И это не все, роль борьбы с кланами он тоже выполняет, хотя и менее заметную.
— Какую?
— А подумай сам, Шимановский, — сощурился собеседник, выжидательно глядя мне в глаза.
Я растерянно покачал головой.
— Не могу, сеньор. Ни разу не слышал, чтобы ее величество уничтожала кланы с помощью своих бойцов. Такое было всего раз, клан Монтеро почти полвека назад, но и тогда это не вызвало почему-то бурной реакции.
— Шимановский-Шимановский! — преподаватель сокрушенно покачал головой. — Ты задаешь сложные вопросы, но не видишь на них простых ответов. Монтеро не в счет, они готовили переворот, захват власти, и сами кланы «слили» их, пассивно приняв сторону королевы. У них своя борьба.

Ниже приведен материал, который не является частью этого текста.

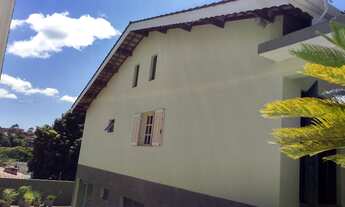 Imagem 6: Casa arejada e ensolarada, com vista para a Pedra Grande. Localizada em bairro nobre, tran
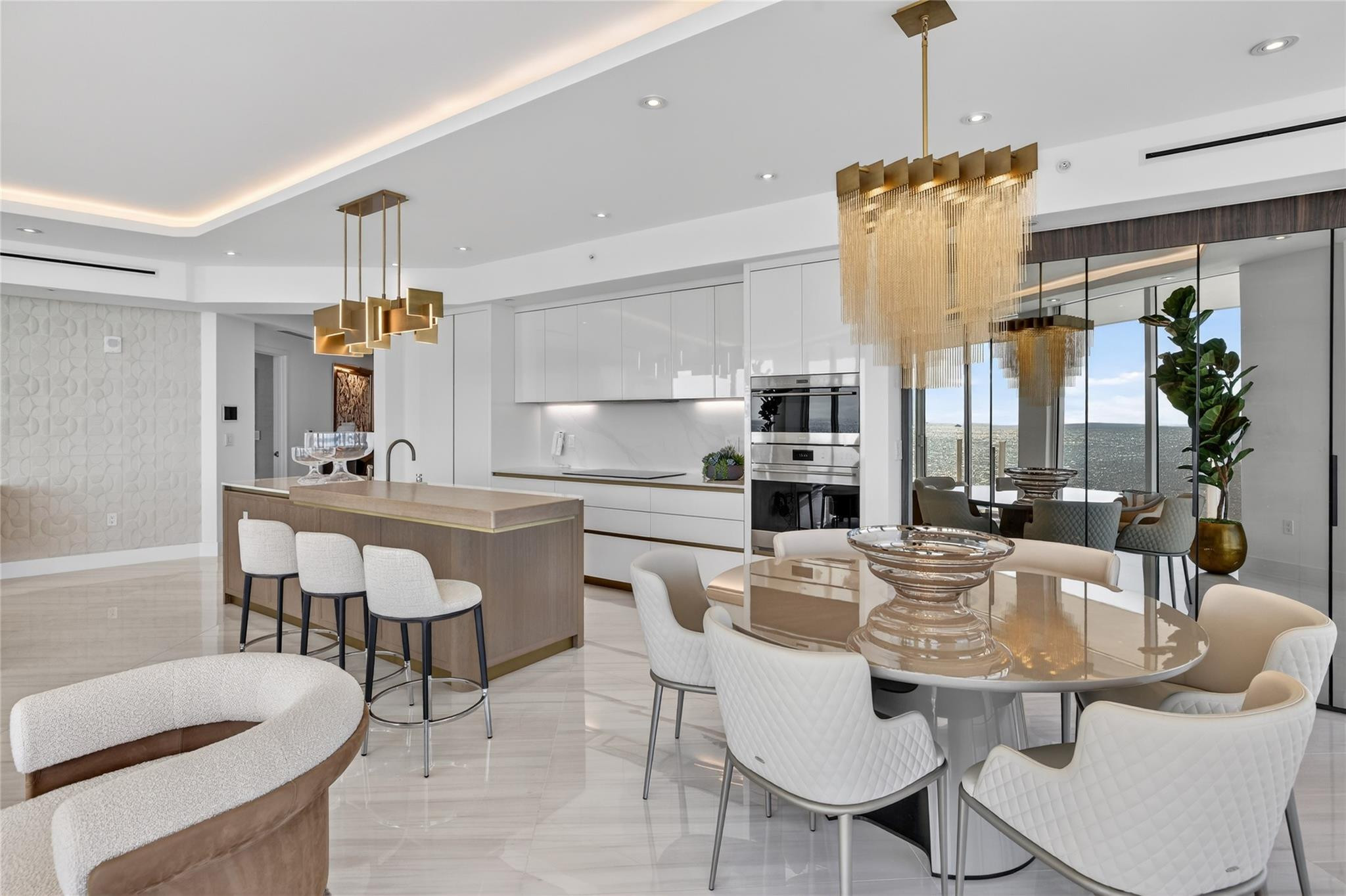 Four Seasons - Residential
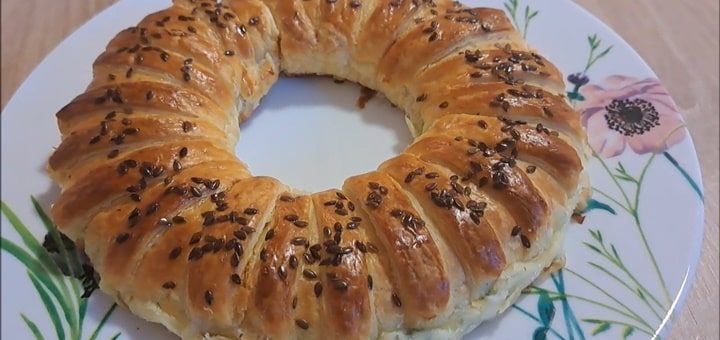 Leaf Wreath with Cheese and Spinach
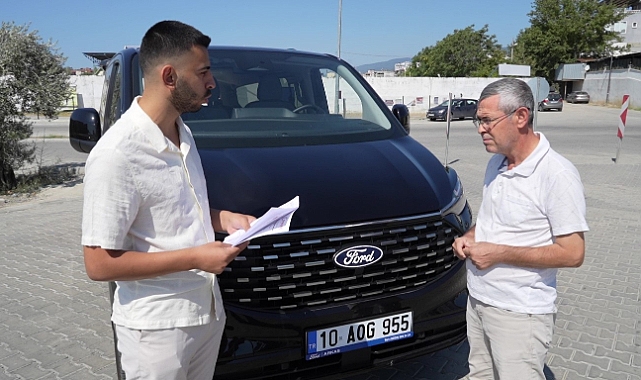 Ford bayinden aldığı sıfır kilometre VIP araç kazalı çıktı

— Тогда что? Сдаюсь, сеньор! Честно! — поднял я руки вверх.
— Пойми, юноша, ей нельзя этого делать напрямую. Если она это сделает, если начнет прессовать кланы с помощью своих блядушек с винтовками — изменится ее имидж. Из беззащитной бедной овечки она превратится в агрессора, активного игрока на сцене. Такого же, как остальные кланы, только хуже. Ведь королеве не позволено того, что позволено другим, это все и решит.
— Ее быстро демонизируют, — с жаром продолжил он, словно пытаясь меня в чем-то убедить. — И люди, которые сейчас готовы пойти за свою королеву на баррикады, будут гневно кричать: «Долой мерзкую шлюху! Да здравствует республика!»